Center for Eukaryotic Gene Regulation, Department of Biochemistry and Molecular Biology, The Pennsylvania State University, University Park, Pennsylvania 16802, USA.
Genome Res. 2018 Apr;28(4):497-508. doi: 10.1101/gr.229518.117. Epub 2018 Mar 21.

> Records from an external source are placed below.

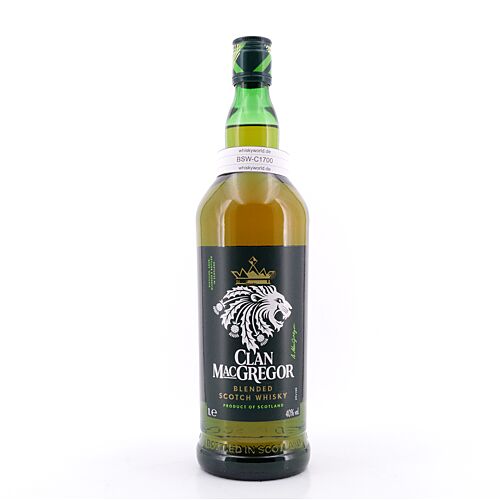 Clan MacGregor Blended Scotch Whisky Literflasche 1 Liter/ 40.0% vol Produktbild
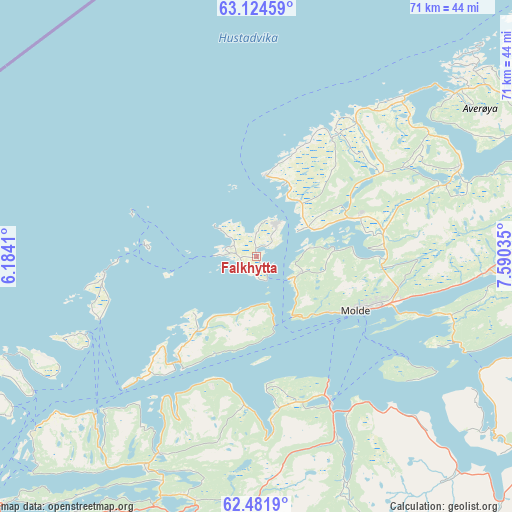 Falkhytta on map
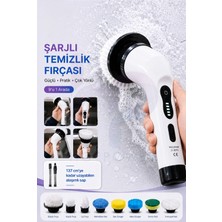 Safestore 9 In 1 Elektrikli Temizleme Aleti Fırçası Elektrikli Sıkma Temizleme Scrubber 9 Farklı Başlık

General regulatory factors (GRFs), such as Reb1, Abf1, Rap1, Mcm1, and Cbf1, positionally organize yeast chromatin through interactions with a core consensus DNA sequence. It is assumed that sequence recognition via direct base readout suffices for specificity and that spurious nonfunctional sites are rendered inaccessible by chromatin. We tested these assumptions through genome-wide mapping of GRFs in vivo and in purified biochemical systems at near-base pair (bp) resolution using several ChIP-exo-based assays. We find that computationally predicted DNA shape features (e.g., minor groove width, helix twist, base roll, and propeller twist) that are not defined by a unique consensus sequence are embedded in the nonunique portions of GRF motifs and contribute critically to sequence-specific binding. This dual source specificity occurs at GRF sites in promoter regions where chromatin organization starts. Outside of promoter regions, strong consensus sites lack the shape component and consequently lack an intrinsic ability to bind cognate GRFs, without regard to influences from chromatin. However, sites having a weak consensus and low intrinsic affinity do exist in these regions but are rendered inaccessible in a chromatin environment. Thus, GRF site-specificity is achieved through integration of favorable DNA sequence and shape readouts in promoter regions and by chromatin-based exclusion from fortuitous weak sites within gene bodies. This study further revealed a severe G/C nucleotide cross-linking selectivity inherent in all formaldehyde-based ChIP assays, which includes ChIP-seq. However, for most tested proteins, G/C selectivity did not appreciably affect binding site detection, although it does place limits on the quantitativeness of occupancy levels.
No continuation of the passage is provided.